The Second World War earned that designation because it truly was a war fought across the face of the globe. Major powers involved on both sides of the conflict fielded forces with millions of soldiers, tens of thousands of planes and tanks, and thousands of ships and submarines. In the United States alone, over 16 million citizens served in the Army, Navy, and Marines during the course of the war1, out of a population of about 130 million2 — nearly one-eighth of the population. With 290 million Americans today3, the current combined size of the armed forces and National Guard is about 2 million4,5. The proportion of service people to the general population was 17 times larger during World War II.

That disparity in scale is just one of the ahistorical notes struck over the past couple of weeks. In TIME‘s coverage of the D-Day anniversary, it seemed as if the links between the two wars were intended to bolster the case for the cover headline: “D-Day: Why It Matters 60 Years Later”. By giving the two wars equal weight, TIME was probably trying to make D-Day relevant to an audience of an age too young to have even been eligible for service in Vietnam. One caption reads: “Like [General Dwight D.] Eisenhower, [General John] Abizaid is facing the challenge of a generation, and the military campaign is only part of the battle”.6 In 1944, Eisenhower was planning the invasion of a continent that had been taken over, fortified, and held for four years by a an enormous German military force that was on a technological par with the Allies. Although Germany had been losing in Italy and on the Eastern Front by that point, there was still serious doubt about the success of the Normandy invasion. Decisions Eisenhower had to make sent thousands of Allied soldiers to their deaths — and that was if the plans went off without a hitch. The Iraq theater is terribly dangerous for the soldiers on the ground, but to equate the burdens of the commanders or political leaders involved is absurd. Iraq hasn’t had functional air power since it was destroyed during the first Gulf War.
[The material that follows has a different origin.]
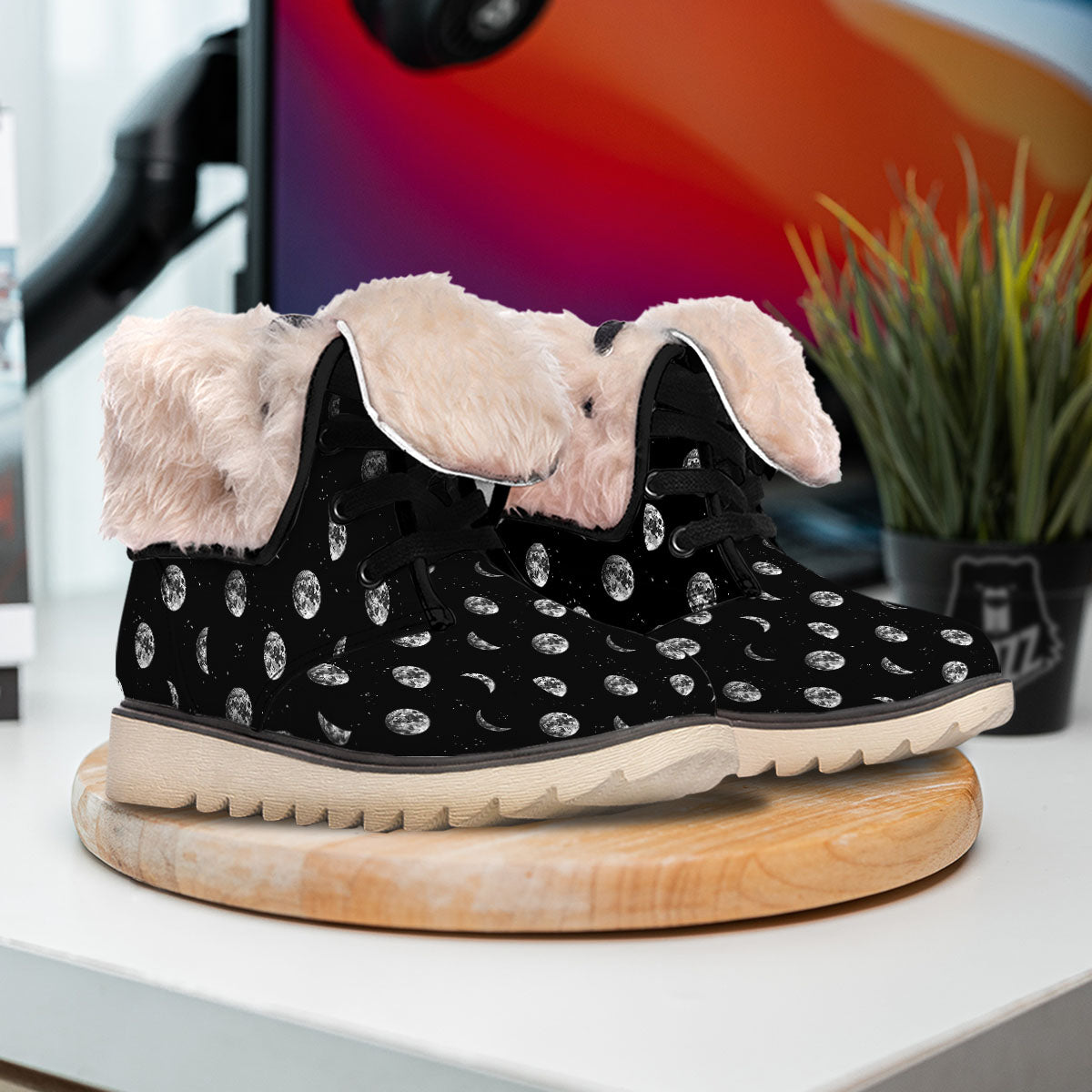 Stars And Moon Phase Print Pattern Snow Boots-grizzshop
The American force unleashed on Iraq’s army in 1991 pushed it from Kuwait in a matter of days (after several weeks of bombing), and it collapsed again in 2003. The various groups fighting a guerilla war against American troops in Iraq don’t have tanks or sophisticated equipment, their primary advantage is operational camouflage: the ability to move relatively undetected through the population.

Another problem with these comparisons is their tunnel viewpoint. In his remarks on June 2 at the Air Force Academy graduation, President George W. Bush said: “Like the Second World War, our present conflict began with a ruthless, surprise attack on the United States”.7 Of course, by “our” he meant America’s involvement, but by framing the Second World War in that manner, he ignored years of aggression by the Axis powers: Japan’s invasions of Manchuria and China in the 1930s; Italy’s colonization of Ethiopia in 1936; Germany’s annexation of Austria and Czechoslovakia in 1938; invasion of Poland in 1939; invasion of Holland, Belgium, and France in 1940; the Battle of Britain, the Blitz, and invasion of the Soviet Union in 1941. France and the United Kingdom declared war on Germany, Italy, and Japan over two years before America joined the battle, and they paid heavily for it, as did citizens in every country occupied by the Axis powers and even many citizens of the Axis countries themselves. Hundreds of civilians died in nightly bombing raids on both sides during the war.

It’s a viewpoint that ignores or trivializes the contributions and sacrifices of other countries and peoples, by limiting the discussion to the impact only on America and Americans. Equating World War II and the war on terror brings that minimization full circle by discounting even the costs of the American generation that fought the war. On the average, over 200 U.S. military personnel were killed every day for more than 1,300 days.8 That was the reality for leaders like President Franklin D. Roosevelt and General Eisenhower, and for the American people during the early 1940s. Pretending that the current war is comparable, that American history has somehow been modified as drastically by its conflict with terrorism as it was by the conflict with fascism — for whatever reason — discounts the sacrifices of millions of Americans.

Notes:
1 Universal Almanac (1994), p.126, citing U.S. Department of Defense, Defense 91 (1991)
2 Universal Almanac (1994), p.282, citing U.S. Bureau of the Census, U.S. Summary, Number of Inhabitants (1981)
3 U.S. Bureau of the Census Web home page
4 U.S. Department of Defense Directorate for Information Operations and Reports, Active Duty Military Strength by Fiscal Year – FR 1950 through FY2002.
5 Army National Guard web site, Financial Statements 2003.
6 TIME, May 31, 2004, p.42
7 White House web site, President Bush speaks at Air Force Academy Graduation.
8 Universal Almanac (1994), p.126, citing U.S. Department of Defense, Defense 91 (1991). Calculation based on 291,557 battle deaths over the period between December 7, 1941 and August 15, 1945: 1,347 days.